In particular, non-Hodgkin’s lymphoma and multiple myeloma have been shown to be associated with anomalies of the secondary constriction of chromosome 1, these anomalies being similar to those observed in the ICF syndrome. Indeed, it has been shown that there is a global hypomethylation of the genome, associated, in particular, with a hypomethylation of DNA satellite II.
In metastatic breast cancer, it has been shown that there is a decrease in the HP1 alpha protein, which is a protein that is usually localised in the heterochromatic regions of the chromosomes.
2. Diseases of the Facultative HC :
They can result from a defect in the inactivation of an X chromosome in female somatic cells (mutation in the XIST gene) and may lead to the expression of an X-linked recessive disease in females.
They can result from a defect in the condensation of the sex vesicle in male germ cells, leading to a sterility due to pachytene arrest of the meiosis.
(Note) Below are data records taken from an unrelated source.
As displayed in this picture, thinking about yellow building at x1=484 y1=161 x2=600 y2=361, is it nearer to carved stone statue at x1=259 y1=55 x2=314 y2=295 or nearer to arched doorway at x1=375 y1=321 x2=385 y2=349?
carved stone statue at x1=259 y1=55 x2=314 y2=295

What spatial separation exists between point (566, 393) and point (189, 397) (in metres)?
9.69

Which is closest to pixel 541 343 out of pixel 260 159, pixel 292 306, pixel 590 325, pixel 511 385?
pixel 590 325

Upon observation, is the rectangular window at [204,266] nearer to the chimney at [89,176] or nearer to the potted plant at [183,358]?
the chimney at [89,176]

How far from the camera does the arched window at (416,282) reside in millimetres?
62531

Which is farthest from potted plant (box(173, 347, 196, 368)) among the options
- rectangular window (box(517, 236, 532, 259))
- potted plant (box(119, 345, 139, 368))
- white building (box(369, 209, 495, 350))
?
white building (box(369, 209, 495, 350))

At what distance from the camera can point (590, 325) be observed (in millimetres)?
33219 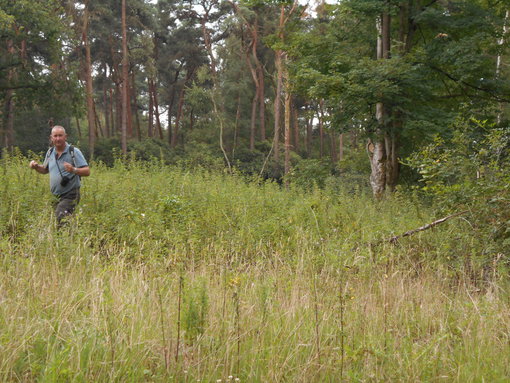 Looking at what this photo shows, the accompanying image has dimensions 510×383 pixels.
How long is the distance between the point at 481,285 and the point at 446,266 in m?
0.68

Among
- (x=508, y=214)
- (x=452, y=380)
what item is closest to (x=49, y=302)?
(x=452, y=380)

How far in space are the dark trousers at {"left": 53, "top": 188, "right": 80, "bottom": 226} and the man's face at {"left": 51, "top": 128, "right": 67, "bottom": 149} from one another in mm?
664

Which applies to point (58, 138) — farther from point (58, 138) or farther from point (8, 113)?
point (8, 113)

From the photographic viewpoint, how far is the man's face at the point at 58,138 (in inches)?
248

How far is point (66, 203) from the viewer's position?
6.39m

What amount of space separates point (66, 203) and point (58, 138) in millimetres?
902

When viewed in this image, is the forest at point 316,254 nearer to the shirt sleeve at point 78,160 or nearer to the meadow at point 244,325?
the meadow at point 244,325

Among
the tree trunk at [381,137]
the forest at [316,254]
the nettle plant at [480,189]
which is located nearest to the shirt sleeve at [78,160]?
the forest at [316,254]

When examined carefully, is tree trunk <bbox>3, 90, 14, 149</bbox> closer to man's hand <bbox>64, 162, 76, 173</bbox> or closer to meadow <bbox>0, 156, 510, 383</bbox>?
man's hand <bbox>64, 162, 76, 173</bbox>

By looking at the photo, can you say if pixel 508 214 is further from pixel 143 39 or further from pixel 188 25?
pixel 188 25

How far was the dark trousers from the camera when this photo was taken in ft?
20.5

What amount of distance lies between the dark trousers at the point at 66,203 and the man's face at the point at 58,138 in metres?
0.66

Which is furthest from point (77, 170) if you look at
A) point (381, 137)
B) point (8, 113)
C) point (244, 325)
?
point (8, 113)

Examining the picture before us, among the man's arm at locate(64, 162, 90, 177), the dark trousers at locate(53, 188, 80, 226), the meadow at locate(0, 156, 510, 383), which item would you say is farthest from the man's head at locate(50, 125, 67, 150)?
the meadow at locate(0, 156, 510, 383) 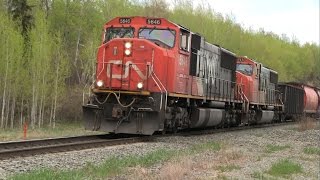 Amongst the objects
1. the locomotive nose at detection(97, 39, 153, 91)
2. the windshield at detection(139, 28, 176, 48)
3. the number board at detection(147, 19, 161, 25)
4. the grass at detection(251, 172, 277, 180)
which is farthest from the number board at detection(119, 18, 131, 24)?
the grass at detection(251, 172, 277, 180)

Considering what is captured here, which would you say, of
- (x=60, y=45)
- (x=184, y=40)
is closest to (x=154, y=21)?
(x=184, y=40)

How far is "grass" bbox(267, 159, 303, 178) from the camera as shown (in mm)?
9594

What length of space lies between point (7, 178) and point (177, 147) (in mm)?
6806

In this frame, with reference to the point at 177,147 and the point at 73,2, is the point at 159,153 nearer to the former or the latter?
the point at 177,147

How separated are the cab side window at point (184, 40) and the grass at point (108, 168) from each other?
4.87 metres

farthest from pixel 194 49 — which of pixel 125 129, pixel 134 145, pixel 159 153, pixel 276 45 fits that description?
pixel 276 45

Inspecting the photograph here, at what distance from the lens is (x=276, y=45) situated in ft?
265

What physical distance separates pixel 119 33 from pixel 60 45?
31476mm

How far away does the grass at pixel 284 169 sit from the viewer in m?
9.59

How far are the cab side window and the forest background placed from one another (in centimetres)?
1539

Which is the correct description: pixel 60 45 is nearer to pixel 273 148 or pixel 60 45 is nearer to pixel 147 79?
pixel 147 79

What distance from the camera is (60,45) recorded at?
4638cm

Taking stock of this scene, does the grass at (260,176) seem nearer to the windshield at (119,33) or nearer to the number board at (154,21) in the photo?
the number board at (154,21)

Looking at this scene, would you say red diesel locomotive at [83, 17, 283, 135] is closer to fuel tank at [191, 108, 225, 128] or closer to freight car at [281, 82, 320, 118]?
fuel tank at [191, 108, 225, 128] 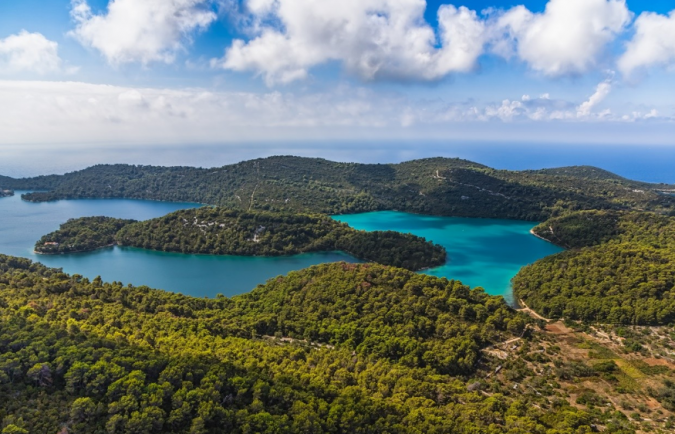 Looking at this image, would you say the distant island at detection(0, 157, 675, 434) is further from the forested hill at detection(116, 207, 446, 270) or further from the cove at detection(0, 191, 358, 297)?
the cove at detection(0, 191, 358, 297)

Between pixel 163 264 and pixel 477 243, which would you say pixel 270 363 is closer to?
pixel 163 264

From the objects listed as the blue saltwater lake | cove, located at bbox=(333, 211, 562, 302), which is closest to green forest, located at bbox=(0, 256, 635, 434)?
the blue saltwater lake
In conclusion, although heterochromatin is apparently amorphous and isolated at the periphery of the nucleus, it appears to have an absolutely essential role in the organization and function of the genome.
Throughout this review we have mainly presented the characteristics linked with heterochromatin, be it constitutive or facultative. We have shown that the properties of constitutive HC are not fundamentally different from those of facultative HC. It therefore seems clear that the mechanisms involved in facultative hetero-chromatinization, which are epigenetic mechanisms, are the same mechanisms that intervene in the repression of euchromatin in general.